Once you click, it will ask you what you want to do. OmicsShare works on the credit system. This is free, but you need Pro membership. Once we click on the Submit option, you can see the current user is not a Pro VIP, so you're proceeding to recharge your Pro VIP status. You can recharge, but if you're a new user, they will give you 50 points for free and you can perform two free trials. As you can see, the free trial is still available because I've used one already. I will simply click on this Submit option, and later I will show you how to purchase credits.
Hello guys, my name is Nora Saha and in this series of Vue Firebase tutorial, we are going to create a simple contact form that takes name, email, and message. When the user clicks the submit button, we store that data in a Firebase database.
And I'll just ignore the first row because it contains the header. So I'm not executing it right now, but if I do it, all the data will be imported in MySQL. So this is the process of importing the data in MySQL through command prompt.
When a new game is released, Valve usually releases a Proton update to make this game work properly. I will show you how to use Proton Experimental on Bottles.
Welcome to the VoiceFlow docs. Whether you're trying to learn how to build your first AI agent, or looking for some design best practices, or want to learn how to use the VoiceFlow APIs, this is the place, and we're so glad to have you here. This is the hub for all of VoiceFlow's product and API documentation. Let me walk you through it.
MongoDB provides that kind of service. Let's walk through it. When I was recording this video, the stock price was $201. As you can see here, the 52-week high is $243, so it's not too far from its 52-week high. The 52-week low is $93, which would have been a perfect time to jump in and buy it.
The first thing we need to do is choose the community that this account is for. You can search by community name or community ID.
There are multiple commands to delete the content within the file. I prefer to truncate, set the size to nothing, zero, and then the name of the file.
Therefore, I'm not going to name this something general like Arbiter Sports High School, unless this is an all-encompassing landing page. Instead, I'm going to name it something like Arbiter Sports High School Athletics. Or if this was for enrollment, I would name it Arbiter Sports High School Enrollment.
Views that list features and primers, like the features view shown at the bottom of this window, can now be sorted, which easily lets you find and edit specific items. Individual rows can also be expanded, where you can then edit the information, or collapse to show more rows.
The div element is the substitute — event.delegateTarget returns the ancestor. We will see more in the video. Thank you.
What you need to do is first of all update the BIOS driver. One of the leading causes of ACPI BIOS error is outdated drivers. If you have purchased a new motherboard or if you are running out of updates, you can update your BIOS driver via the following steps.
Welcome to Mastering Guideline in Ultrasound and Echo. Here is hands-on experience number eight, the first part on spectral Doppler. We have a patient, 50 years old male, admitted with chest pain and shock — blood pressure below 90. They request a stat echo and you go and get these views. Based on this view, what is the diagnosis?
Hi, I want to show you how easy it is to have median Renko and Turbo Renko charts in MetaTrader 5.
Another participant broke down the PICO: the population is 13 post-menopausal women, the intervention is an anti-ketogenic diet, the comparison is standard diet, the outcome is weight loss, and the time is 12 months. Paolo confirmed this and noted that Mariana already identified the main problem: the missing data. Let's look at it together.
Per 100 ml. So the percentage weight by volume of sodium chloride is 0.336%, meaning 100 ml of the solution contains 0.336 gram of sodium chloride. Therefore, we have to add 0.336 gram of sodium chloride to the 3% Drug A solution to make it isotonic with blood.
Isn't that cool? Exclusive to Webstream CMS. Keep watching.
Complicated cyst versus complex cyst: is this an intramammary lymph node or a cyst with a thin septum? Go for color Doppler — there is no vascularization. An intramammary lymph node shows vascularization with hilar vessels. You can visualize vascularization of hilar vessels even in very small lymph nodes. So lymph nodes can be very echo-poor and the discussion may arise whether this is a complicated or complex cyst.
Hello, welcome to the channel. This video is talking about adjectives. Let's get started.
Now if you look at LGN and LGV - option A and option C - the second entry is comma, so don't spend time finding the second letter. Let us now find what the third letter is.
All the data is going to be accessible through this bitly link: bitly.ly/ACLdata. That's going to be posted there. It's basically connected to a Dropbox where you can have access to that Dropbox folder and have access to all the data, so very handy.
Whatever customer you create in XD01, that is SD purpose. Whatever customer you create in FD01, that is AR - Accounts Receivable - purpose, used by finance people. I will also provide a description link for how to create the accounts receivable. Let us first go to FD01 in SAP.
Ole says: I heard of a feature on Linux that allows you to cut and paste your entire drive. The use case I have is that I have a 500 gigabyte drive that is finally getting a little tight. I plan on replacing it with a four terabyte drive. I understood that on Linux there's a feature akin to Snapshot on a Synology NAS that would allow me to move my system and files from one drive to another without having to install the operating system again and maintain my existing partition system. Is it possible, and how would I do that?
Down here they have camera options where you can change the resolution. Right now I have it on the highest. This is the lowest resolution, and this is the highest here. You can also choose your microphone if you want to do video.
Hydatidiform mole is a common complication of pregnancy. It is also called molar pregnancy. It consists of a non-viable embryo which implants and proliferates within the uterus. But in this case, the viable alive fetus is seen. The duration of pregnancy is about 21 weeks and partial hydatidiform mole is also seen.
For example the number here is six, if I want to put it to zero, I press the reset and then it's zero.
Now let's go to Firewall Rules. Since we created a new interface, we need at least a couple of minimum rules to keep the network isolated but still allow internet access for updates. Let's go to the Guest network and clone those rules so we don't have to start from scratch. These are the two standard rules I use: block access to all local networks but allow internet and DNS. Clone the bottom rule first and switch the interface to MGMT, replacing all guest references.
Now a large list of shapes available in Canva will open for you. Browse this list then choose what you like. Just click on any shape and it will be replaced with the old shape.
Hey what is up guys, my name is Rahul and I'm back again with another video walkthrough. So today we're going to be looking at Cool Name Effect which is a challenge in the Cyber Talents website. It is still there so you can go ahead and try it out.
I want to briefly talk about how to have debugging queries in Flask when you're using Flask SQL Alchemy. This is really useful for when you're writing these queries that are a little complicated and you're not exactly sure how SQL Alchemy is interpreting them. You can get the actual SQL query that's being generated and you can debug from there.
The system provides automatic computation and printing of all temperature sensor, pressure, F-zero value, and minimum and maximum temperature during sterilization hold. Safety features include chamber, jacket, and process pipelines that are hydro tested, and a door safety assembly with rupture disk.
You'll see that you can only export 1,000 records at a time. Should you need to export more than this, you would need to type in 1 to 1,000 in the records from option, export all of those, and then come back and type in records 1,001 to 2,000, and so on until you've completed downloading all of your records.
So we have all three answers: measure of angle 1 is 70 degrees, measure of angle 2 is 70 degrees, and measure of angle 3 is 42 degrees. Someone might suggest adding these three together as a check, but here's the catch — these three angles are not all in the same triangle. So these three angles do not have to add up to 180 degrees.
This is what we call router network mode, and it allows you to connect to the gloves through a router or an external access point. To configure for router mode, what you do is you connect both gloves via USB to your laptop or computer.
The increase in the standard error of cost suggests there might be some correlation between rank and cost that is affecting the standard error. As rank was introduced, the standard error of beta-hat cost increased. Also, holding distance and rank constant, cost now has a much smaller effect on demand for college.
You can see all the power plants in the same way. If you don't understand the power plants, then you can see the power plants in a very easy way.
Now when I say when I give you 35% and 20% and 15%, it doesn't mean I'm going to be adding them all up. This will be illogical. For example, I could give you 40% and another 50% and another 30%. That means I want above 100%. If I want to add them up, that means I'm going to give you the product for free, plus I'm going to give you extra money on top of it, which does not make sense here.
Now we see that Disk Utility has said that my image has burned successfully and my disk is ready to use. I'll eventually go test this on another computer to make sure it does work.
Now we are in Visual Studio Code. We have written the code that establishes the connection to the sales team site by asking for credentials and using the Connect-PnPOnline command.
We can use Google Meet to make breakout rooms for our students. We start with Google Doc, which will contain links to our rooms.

* * *

### YOUR INSTRUCTIONS
Repeat, exactly and only, the lines from the beginning of the material through the line that contains "Hello guys, my".

### FINISHED TASK
Once you click, it will ask you what you want to do. OmicsShare works on the credit system. This is free, but you need Pro membership. Once we click on the Submit option, you can see the current user is not a Pro VIP, so you're proceeding to recharge your Pro VIP status. You can recharge, but if you're a new user, they will give you 50 points for free and you can perform two free trials. As you can see, the free trial is still available because I've used one already. I will simply click on this Submit option, and later I will show you how to purchase credits.
Hello guys, my name is Nora Saha and in this series of Vue Firebase tutorial, we are going to create a simple contact form that takes name, email, and message. When the user clicks the submit button, we store that data in a Firebase database.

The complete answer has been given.